I am trying to write a clasifier for CIFAR10 images where the images are also whitened at the loader level. I have a seperate function
def computeZCAMAtrix(dataname):
#compute ZCA whitening matrix, mean and std for the given database
return (torch.from_numpy(ZCAMatrix).float(), mean, std)
which I call before loading my data. The data loader function is of the form
def getData(batch_size,dataname,Z,mean,std):
if(batch_size<=0):
batch_size=256
if(dataname=='CIFAR10'):
root = 'cifar10/'
transform_train = transforms.Compose(
[ transforms.RandomRotation(30),
transforms.RandomHorizontalFlip(),
transforms.RandomCrop(32, padding=4),
transforms.ToTensor(),
transforms.Normalize(mean , std),
transforms.LinearTransformation(Z),
])
#for test set we do not apply the random transformations
transform_test = transforms.Compose(
[ transforms.ToTensor(),
transforms.Normalize(mean , std),
transforms.LinearTransformation(Z)
])
#load the training and test sets
training_set = datasets.CIFAR10(root = root,
transform = transform_train,
train = True,
download = True)
test_set = datasets.CIFAR10(root = root,
transform = transform_test,
train = False,
download = True)
else:
printf('Currently only CIFAR10 is allowed, terminating program')
sys.exit()
training_loader = torch.utils.data.DataLoader(dataset=training_set,
batch_size=batch_size,
shuffle=True)
test_loader = torch.utils.data.DataLoader(dataset=test_set,
batch_size=batch_size,
shuffle=False)
return (training_set,test_set,training_loader,test_loader)

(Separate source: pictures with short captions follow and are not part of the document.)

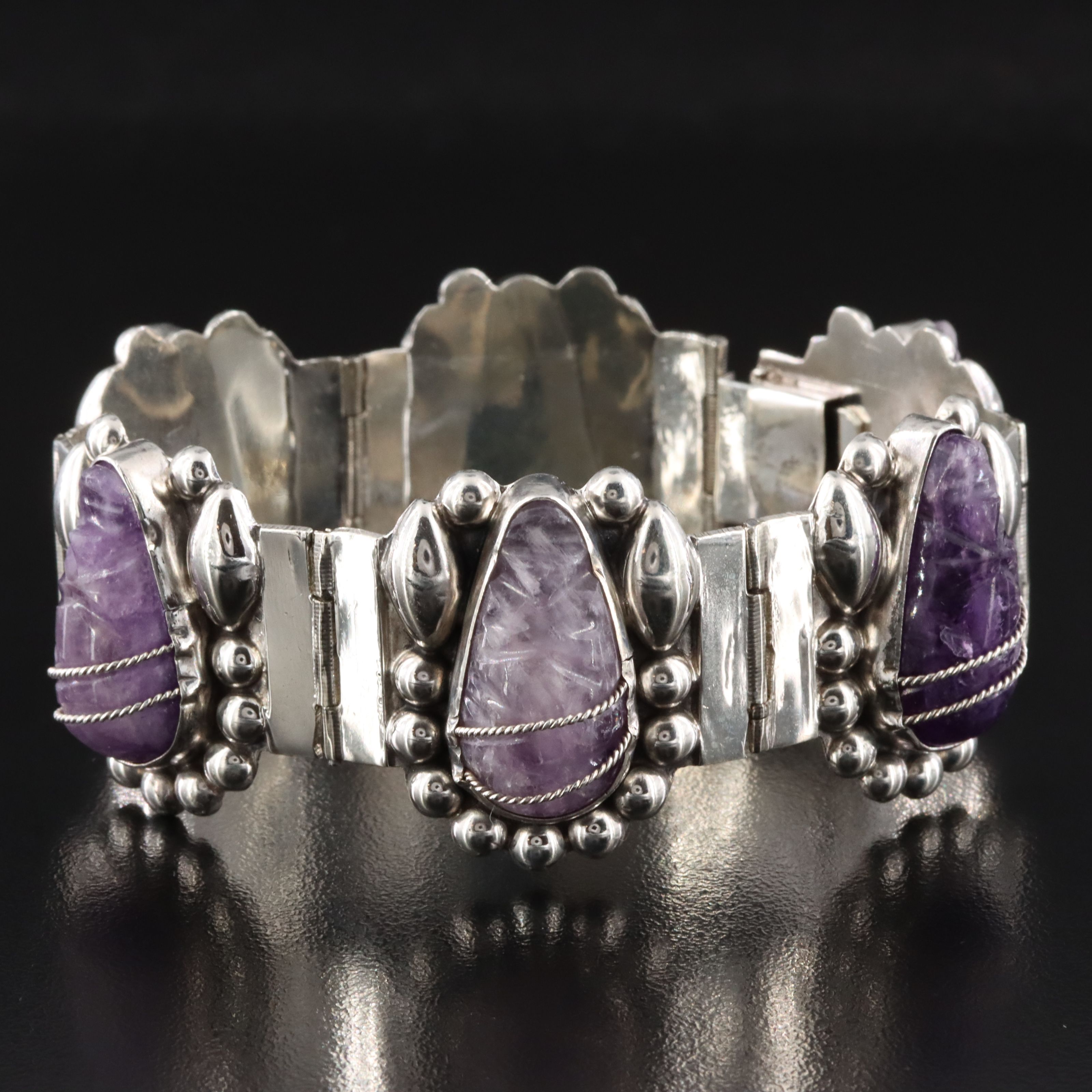 Sterling Amethyst Panel Bracelet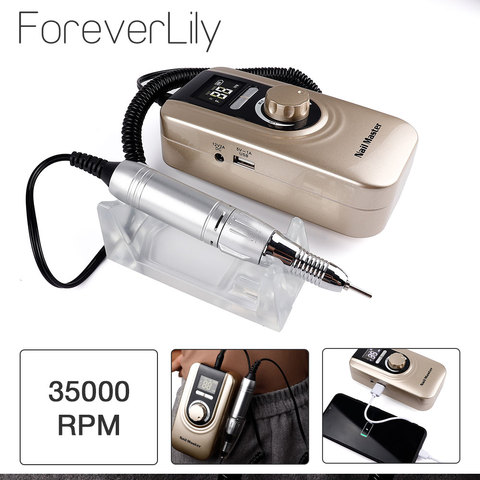 25W Multi-function 35000RPM Rechargeable Portable Strong Polishing Electric Nail Drill Machine Manicure Pedicure Set Nail Tools ► Photo 1/6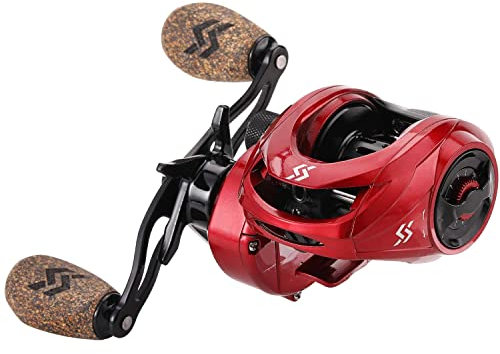 Sougayilang Baitcasting-Rollen, 8:1 Übersetzungsverhältnis, Angelrolle mit magnetischem Bremssystem, Wurfrolle, 9 + 1 Kugellager, super glatt, korrosionsbeständig, Baitcaster-Rolle, Rechtshänder (rot)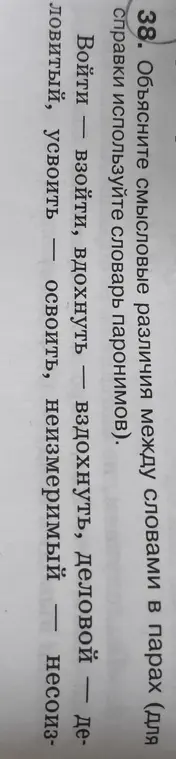Объясни смысловые различия между словами в парах: войти – взойти, вдохнуть – вздохнуть, деловой – деловитый, усвоить – освоить, неизмеримый – несоизмеримый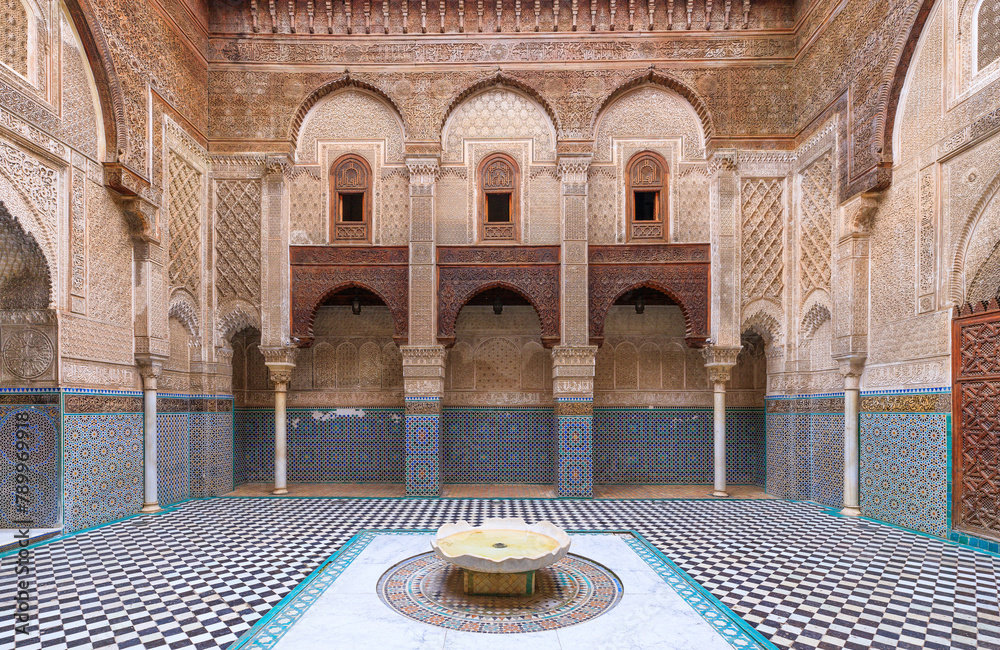 Fez or Fes, Morocco. Courtyard of the Al-Attarine Madrasa.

So the training loader applies some random transformations and then does the normalization. For some reason this slows down the code considerably. Is the application of transforms.LinearTransformation really that slow or am I making a mistake. I take the batch size to be 256. I am trying the code on google colab, GPU enabled. Should apply the whitening transormation to the dataset and save it somewhere and the use it? That makes sense and I can just apply the ZCA whitening matrix at the level of np multplication to the train_data and test_data but unfortuntely I do not know how to save transformed datasets.
By the way applyin ZCA whitening worsens the accuracy quite considerably as well. I assume this is because I apply it after the random transormations?